Green Tea Creme Brûlée

Green Tea Creme Brûlée

Recipe: Serves 6

Creme Brule:

3 Egg yolks
1/2 cup Sugar + extra for crust
2 cup 35% Cream
1 tbls Macha Powder

Sesame Seed Brittle:

1/2 cup Sugar
1/4 cup Water
1/4 cup Black & White Sesame seeds
1/2 tsp Baking soda
1 tbls Butter
3 tbls of Candied Ginger - Chopped

Creme Brûlée:

Preheat your oven to 325. If you have a steam oven, preheat it to full steam. If you can set the temperature to 180.

Start by placing the cream in a small pot. Cook over medium heat until you see small bubbles rise around the edges. Do NOT boil or simmer the cream; we are looking to gently heat the cream without much action. When the cream has heated, remove from heat and add the matcha powder. Stir in the matcha powder using a whisk. Whisk until fully incorporated and let sit. In the mean time, separate 3 egg yolks from the whites and place in a bowl. Add sugar and whisk together. When fully incorporated, use a ladle to temper the egg yolks. This is done by adding small increments of the hot cream to the egg mixture while constantly whisking the yolks. When all the cream has been added, strain the mixture through a fine strainer.

Gather your ramekins and place in a baking tray. Pour mixture into each ramekin, filling each 4/5. Add hot water to the baking tray so that the ramekins sit in a water bath. Place a sheet of tin foil over top and loosely tighten around the entire baking tray. Place in the oven for 30 minutes and check. To check, lift off the tin foil and gently shake the ramekin. If the outside is set and the middle jiggles, they are done. If they haven't set after the initial 30 minutes, place back in the oven and cover for 10-15 more minutes. Remove the ramekins from the bath and let stand for 10-15 minutes at room temperature. When they have cooled, place in the fridge and leave for 2-24 hours before serving.

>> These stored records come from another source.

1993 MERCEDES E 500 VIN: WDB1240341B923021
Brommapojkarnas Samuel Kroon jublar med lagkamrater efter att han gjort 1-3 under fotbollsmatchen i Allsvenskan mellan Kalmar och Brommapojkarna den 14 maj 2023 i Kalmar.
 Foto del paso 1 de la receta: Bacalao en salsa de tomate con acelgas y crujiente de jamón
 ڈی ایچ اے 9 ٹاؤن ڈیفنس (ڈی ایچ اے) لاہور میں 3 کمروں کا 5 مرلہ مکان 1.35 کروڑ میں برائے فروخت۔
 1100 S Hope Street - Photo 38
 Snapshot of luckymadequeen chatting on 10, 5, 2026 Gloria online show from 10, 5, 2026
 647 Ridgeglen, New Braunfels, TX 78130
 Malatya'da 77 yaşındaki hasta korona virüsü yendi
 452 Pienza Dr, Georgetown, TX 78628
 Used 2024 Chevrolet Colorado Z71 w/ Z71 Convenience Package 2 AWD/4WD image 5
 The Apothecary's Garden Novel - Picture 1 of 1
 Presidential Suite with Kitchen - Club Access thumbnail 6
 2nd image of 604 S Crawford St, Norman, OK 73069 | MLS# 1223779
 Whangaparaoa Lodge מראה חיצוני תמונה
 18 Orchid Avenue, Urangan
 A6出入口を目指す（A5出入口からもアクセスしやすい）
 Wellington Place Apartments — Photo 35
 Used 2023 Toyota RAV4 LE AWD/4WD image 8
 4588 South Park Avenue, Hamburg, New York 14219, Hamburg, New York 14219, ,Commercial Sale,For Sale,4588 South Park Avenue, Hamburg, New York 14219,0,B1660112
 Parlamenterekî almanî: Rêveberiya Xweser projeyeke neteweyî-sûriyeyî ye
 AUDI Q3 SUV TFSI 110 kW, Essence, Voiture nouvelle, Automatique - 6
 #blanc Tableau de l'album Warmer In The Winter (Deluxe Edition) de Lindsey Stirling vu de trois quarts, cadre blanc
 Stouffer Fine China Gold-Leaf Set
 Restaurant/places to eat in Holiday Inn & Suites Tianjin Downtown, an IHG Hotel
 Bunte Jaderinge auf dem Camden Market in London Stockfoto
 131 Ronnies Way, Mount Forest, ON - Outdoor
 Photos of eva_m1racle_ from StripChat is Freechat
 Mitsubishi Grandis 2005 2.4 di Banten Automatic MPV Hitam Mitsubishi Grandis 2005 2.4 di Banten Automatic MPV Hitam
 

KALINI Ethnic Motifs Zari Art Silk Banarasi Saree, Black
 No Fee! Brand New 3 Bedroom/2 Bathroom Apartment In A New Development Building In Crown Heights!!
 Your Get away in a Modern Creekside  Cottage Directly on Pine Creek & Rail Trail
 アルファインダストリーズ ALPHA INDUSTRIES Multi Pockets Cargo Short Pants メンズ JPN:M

To Brûlée you will need a torch. Add a teaspoon of sugar to the ramekin and rotate the ramekin so that the entire surface is cover in sugar. Start the torch and begin burning the sugar. Be very carful not to burn yourself. Continue to rotate the creme brûlée as you burn the sugar. When you see the sugar start to turn golden brown, remove from the heat and allow to cool.

To make the brittle first line a baking sheet with parchment paper and put aside. Place the measured amount of sugar in a small saucepan along with a touch of water. Place on the stovetop and cook over medium heat. Allow the sugar to dissolve and start to caramelize. When the sugar has turned golden brown, add the sesame seeds and cook for another minute. Remove from heat and stir in baking soda and butter right away. Using a silicone spatula remove contents onto the baking sheet and spread out. Allow the mixture to fully cool. When cooled, break into pieces and garnish creme brûlée.